Accident de la route : 90 000 € pour un paysagiste indemnisé
- Julien Plouton - Avocat à la Cour

- 26 avr. 2018
- 3 min de lecture
Dernière mise à jour : 7 sept. 2025
Le Tribunal de Grande Instance de Nanterre a condamné, le 15 mars 2018, la conductrice responsable et son assureur à verser plus de 90 000 € à Monsieur Franck E., paysagiste victime d'un accident de la circulation le 11 avril 2011 (N° RG : 15/12134).
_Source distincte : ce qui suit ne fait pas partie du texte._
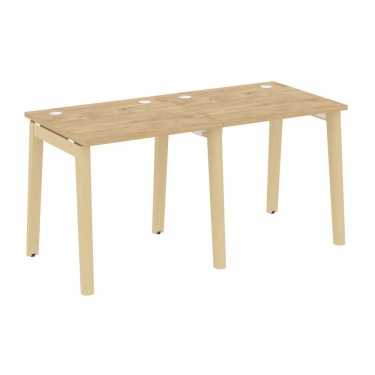 Рабочая станция Рива ONIX WOOD OW.RS-2.0.7 Тиквуд Светлый/Светлый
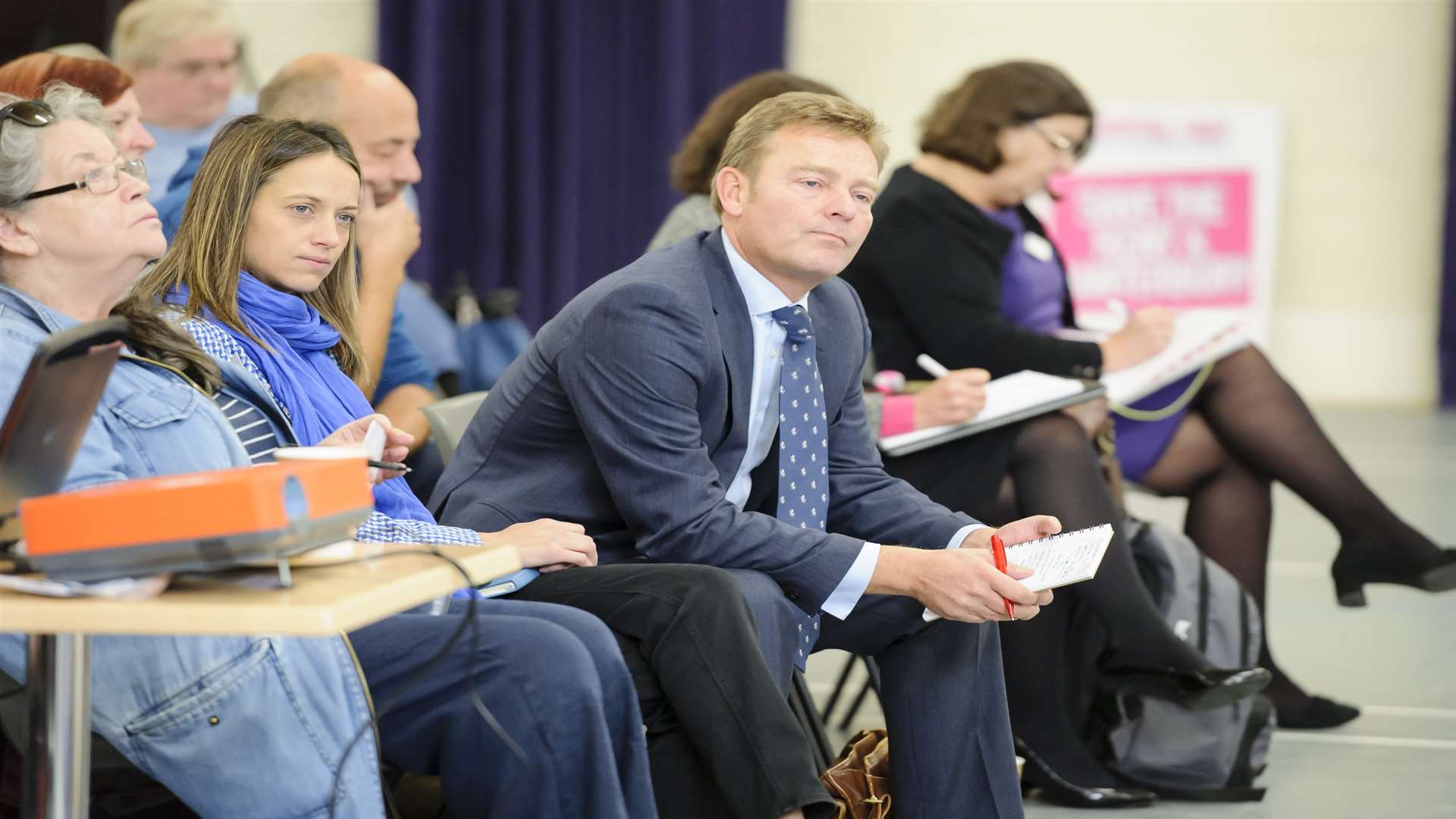 MPs Helen Whately and Craig Mackinlay were in attendance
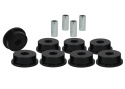 Ford Maverick DA / Nissan Patrol GQ / GU / Toyota Land Cruiser 1988-2016 Leading Arm - To Differential Bushing Kit Whiteline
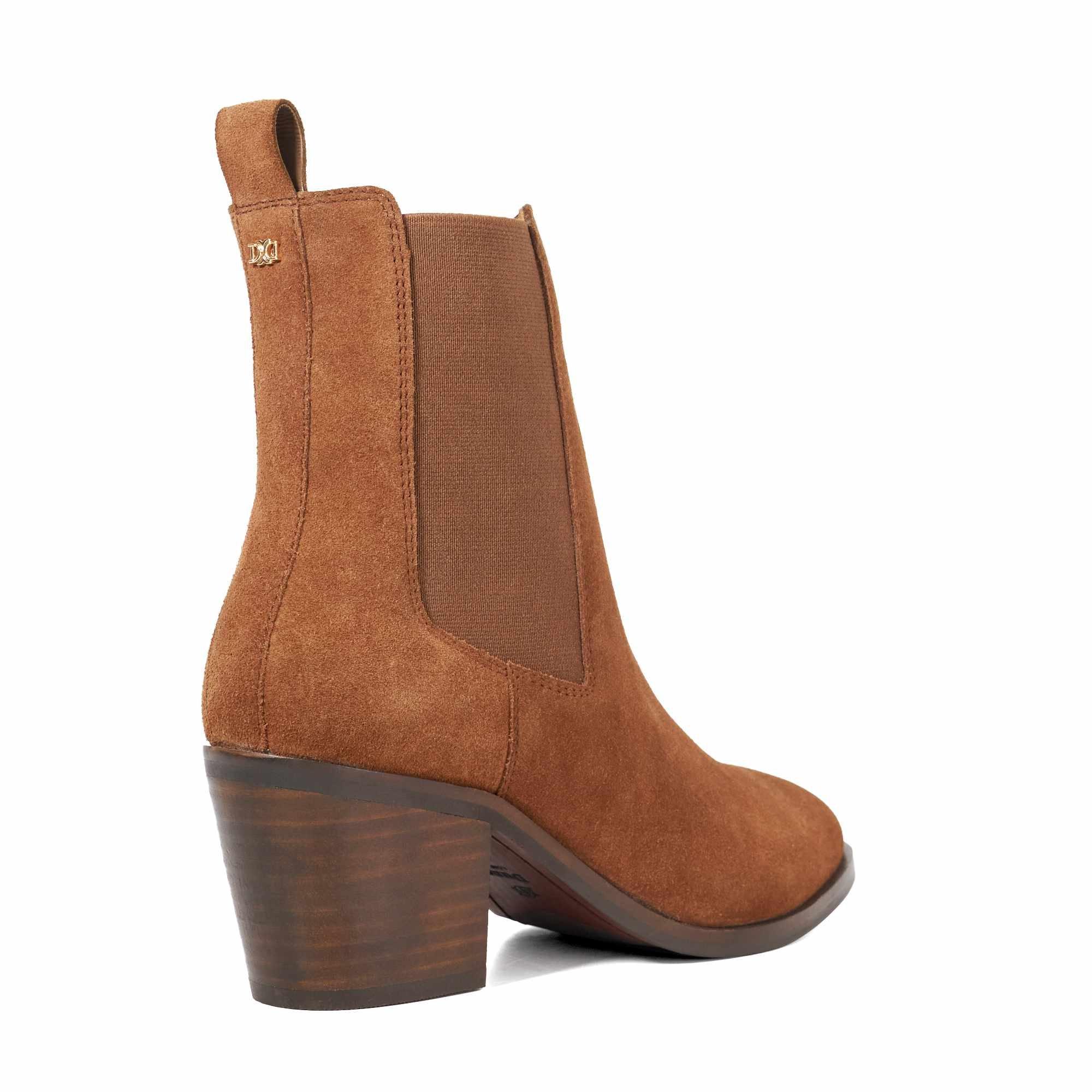 Pelle marrone chiaro - Dune London - Pasil Boots - 3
L'indemnisation couvre le préjudice corporel et le préjudice économique du chef d'entreprise, incluant 30 000 € au titre de l'incidence professionnelle et 12 909,73 € de perte de gains professionnels actuels.
Les faits : un accident de la circulation aux séquelles lourdes
Monsieur Franck E., 37 ans, paysagiste dans le Médoc, a été victime d'un accident de la circulation le 11 avril 2011, impliquant deux véhicules légers.
Les blessures constatées sont les suivantes :
Une fracture du sternum
Un traumatisme cervical, avec fracture des apophyses transverses sur 3 niveaux
Une fracture du fémur droit
Une fracture de la rotule droite
Une lésion du poignet droit
L'expert médical, qui a examiné Monsieur E. à deux reprises depuis l'accident, a retenu un Déficit Fonctionnel Permanent de 8 % et conclu à « l'adaptation professionnelle nécessaire du fait de l'incapacité au travail sur l'échelle et à l'élagage sans incapacité globale à la profession ».
Un préjudice économique aggravé par le statut de chef d'entreprise
Monsieur E. exerce son activité de paysagiste sous la forme d'une entreprise individuelle.
À la suite de l'accident, il a été placé en arrêt de travail pendant plus de 8 mois, durant lesquels il a été contraint de procéder à l'embauche de personnel supplémentaire pour assurer la continuité de son activité.
Les séquelles définitives l'astreignent désormais à adapter l'exercice de son activité professionnelle à son handicap, notamment en recourant à l'achat de matériel spécialisé. Ce poste a été indemnisé à hauteur de 7 206 euros au titre des « frais divers ». L'adaptation impose également des embauches supplémentaires pour les activités d'élagage et de travail en hauteur.
Le recours à un expert-comptable pour évaluer les pertes
Compte tenu de la spécificité de l'indemnisation du préjudice économique des chefs d'entreprise, le Cabinet a sollicité la désignation d'un expert-comptable dans un souci de réparation intégrale des intérêts financiers de son client.
Cette expertise a permis à Monsieur E. d'être indemnisé à sa juste valeur de sa perte de gains professionnels actuels (avant sa reprise du travail) à hauteur de 12 909,73 euros.
Le Tribunal a en outre alloué à Monsieur E. la somme de 30 000 euros au titre du poste de préjudice de l'incidence professionnelle. Ce poste répare les répercussions de l'accident sur la sphère professionnelle : dévalorisation sur le marché du travail, nécessité d'envisager une reconversion professionnelle, pénibilité accrue des tâches.
L'application du barème de capitalisation Gazette du Palais 2016
Le Tribunal a fait droit à la demande du cabinet d'appliquer le barème de capitalisation publié dans la Gazette du Palais du 26 avril 2016, au motif que « celui-ci serait le mieux adapté aux données économiques actuelles puisqu'il est fondé sur les tables de survie de l'INSEE 2006-2008 France entière et sur un taux d'intérêt de 1,04 % ainsi qu'une différenciation des sexes ».
Le recours à ce barème résulte de la nécessité de capitaliser un préjudice dans le futur : dépenses de santé futures, frais de véhicule et de logement adapté, perte de gains professionnels futurs.
Une décision conforme à la jurisprudence après plusieurs années de procédure
Le cabinet se réjouit de la décision du Tribunal de Grande Instance de Nanterre qui, après plusieurs années de procédure et 3 mesures d'expertise médicales et comptables sollicitées et ordonnées, a condamné la conductrice solidairement avec son assureur à indemniser Monsieur E. dans des proportions particulièrement satisfaisantes et conformes à la jurisprudence rendue en la matière.